Synchronization: Semaphores & Fences
Vulkan is radically asynchronous. The CPU records commands and submits them at blazing speed; the GPU executes them later, on its own timeline. Without explicit synchronization, the CPU would happily overwrite a command buffer the GPU is still reading, or the display engine would show a half-rendered frame.
There are exactly two synchronization primitives to learn:
| Fence | Semaphore | |
|---|---|---|
| Direction | GPU → CPU | GPU → GPU |
| CPU visible? | Yes (waitForFences) | No |
| Purpose | CPU waits for GPU to finish | Order GPU operations internally |
Fence: The Buzzer
A fence is like a restaurant buzzer. The GPU buzzes it when it’s done. The CPU blocks on waitForFences() until the buzz comes.
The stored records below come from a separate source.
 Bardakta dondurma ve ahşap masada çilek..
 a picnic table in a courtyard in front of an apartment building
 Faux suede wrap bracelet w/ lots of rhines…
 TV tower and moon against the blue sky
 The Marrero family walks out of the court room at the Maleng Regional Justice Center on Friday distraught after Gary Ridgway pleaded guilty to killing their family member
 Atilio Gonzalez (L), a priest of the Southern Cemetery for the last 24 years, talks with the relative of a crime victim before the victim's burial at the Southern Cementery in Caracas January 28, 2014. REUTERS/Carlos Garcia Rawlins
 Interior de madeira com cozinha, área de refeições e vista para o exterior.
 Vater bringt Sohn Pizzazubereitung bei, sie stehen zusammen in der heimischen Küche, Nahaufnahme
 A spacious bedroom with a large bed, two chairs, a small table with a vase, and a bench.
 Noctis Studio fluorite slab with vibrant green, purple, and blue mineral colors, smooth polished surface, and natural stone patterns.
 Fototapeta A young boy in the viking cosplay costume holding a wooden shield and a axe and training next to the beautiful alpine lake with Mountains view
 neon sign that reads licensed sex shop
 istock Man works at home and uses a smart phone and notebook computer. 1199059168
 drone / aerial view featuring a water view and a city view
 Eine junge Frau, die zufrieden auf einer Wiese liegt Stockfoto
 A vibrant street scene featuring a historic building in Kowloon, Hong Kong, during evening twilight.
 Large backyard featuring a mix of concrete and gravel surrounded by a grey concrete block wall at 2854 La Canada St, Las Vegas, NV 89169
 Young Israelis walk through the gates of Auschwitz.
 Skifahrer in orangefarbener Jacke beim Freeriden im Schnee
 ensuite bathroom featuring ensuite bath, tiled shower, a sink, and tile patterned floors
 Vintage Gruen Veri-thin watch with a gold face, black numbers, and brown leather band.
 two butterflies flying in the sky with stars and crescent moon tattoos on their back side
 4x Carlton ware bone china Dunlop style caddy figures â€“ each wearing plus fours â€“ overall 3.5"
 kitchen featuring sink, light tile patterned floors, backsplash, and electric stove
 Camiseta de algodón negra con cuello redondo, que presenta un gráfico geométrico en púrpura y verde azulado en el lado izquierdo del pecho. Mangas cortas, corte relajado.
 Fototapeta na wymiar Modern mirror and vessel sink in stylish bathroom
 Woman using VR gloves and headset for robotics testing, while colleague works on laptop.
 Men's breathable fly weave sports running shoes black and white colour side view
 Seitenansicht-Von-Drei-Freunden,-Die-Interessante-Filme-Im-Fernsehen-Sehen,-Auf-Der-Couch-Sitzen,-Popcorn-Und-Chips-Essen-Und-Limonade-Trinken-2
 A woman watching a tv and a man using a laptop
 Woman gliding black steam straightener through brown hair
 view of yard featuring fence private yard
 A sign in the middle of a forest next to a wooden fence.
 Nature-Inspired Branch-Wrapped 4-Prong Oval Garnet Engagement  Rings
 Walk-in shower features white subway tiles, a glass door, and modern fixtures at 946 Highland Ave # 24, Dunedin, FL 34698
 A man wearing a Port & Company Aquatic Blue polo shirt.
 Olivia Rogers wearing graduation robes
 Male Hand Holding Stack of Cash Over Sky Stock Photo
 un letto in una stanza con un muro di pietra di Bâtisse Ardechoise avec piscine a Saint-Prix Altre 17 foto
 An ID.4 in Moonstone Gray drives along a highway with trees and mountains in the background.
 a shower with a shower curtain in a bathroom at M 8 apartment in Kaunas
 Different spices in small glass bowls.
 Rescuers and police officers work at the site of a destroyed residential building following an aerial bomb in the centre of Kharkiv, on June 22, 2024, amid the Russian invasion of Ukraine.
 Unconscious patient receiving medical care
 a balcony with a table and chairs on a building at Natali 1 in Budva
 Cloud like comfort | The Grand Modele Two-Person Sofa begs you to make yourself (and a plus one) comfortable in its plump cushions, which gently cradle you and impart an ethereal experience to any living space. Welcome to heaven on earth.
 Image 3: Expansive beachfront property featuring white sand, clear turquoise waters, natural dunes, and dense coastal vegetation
Critical rule: once a fence is signaled, the CPU must manually reset it via resetFences(). If you forget, the next waitForFences() returns instantly (it’s already signaled!), and the CPU charges ahead into GPU memory that’s still being used. Crash.
Creation
Fences start signaled on purpose. On the very first frame, DrawFrame() calls waitForFences() before any submit has happened. If the fence started unsignaled, it would block forever.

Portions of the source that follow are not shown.